Their older brother sees from the other court and he challenges you to a game. “Let’s see you pick on someone your own size,” he says.
Do you engage?
I met a hot latina chick a little while ago. She stayed at my work for a bit and then transferred to a different place, probably to avoid me. Thing is she added me on facebook and I made the mistake of sending her a message asking her how she was doing. She seemed to be happy (since she didn’t see me anymore) but she asked if I had seen her lunch bag at work – normally she wouldn’t care but her mom gave it to her. I said I’d check for her. I found it. I told her. She was happy that she hadn’t lost it but also didn’t want to drive all the way out there to pick it up. I said I’d bring it to her, because she works relatively close to where I live. She said okay. I brought it to her. There was an awkward silence. You and I both know what we’re waiting for –
Did I engage?
The answer is no. I didn’t engage. It’s why I’m not a Marine. It’s why I’m not a hundred other things that wouldn’t make me a fucking pussy. <– oppressive and patriarchy but I don't give a fucking shit – if you do, then why don't you fucking move to contact and engage?
I went to a meet once where I lifted the most in my weight class. It wasn't a good feeling. It felt like everything was a lie. It was like when I took a creative writing class and everyone else wrote about sunsets and fox spirits.
Maybe this is a pattern of behavior. People raised in abusive homes tend to seek out abusive relationships. Maybe my pattern is – is what? To build emotionally codependent and ambiguous relationships with girls who otherwise don't give me the time of day? To re-affirm my mediocrity, as I've done throughout my adolescence?
Harry, you WK'ed Gillian Ward for pressing 135lbs x 9. You said it motivated you to work harder. First of all, spare me. Secondly, you went on to say your goal is to press bodyweight for one – some fucking guy at a Gold's Gym might press 1.5x bodyweight and there are other fucking guys who press 396lbs like Klokov – but you are who you are and you do what you can. So you're running some fucking modified 5/3/1 to work towards a bodyweight press. You've encountered contact, and you are engaging.

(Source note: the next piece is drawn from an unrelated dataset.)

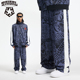 TRIBAL美式 嘻哈满印涂鸦运动街舞滑板休闲vibe风复古街头直筒长裤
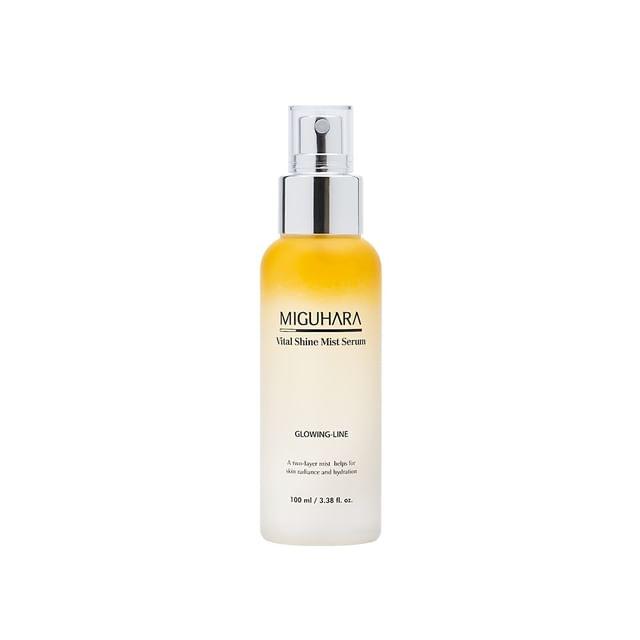 ProtoClinical k-beauty light beauty product detail with a soft beige vertical center on a pale background.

If I qualify for a meet, I've made contact. I can either sit at home and jerk it to gokkun play or I can engage.
Hey for the record, jerking it would be the thing that is any good and makes me happy.
Qualifying for a meet just makes me realize how much of a fucking mistake it is to wear mismatched lifting shoes.
“Why do you keep saying Marines move to contact?”
I was reading a thread on reddit about vet’s experiences in Iraq. One guy said that he and his unit were on patrol and they saw clear signs of an IED – guys hanging out near windows with a cellphone, some deliberately placed rubble, etc. They wanted to call in eod to secure the area but their CO denied them permission. The guy reiterated the situation, this time asking if they could at least use an alternative approach, and the CO again denied permission and said “MARINES. MOVE. TO CONTACT.” So they proceeded down the road and two guys got blown up.
What I am getting at is that nothing matters. Nothing is “any good.” You commit to something and you will probably die or become disillusioned or be delusional before anything good comes out of it. But you can’t avoid contact, and you are compelled to engage.
There was a time when I thought Bolo Yeung was too bulky. There was a time when I was content doing a set of 100 push ups and a set of 100 sit ups and 5 sets of 20 air squats and considered that a good fitness regimen. It was a happier time, and at once my darkest hour.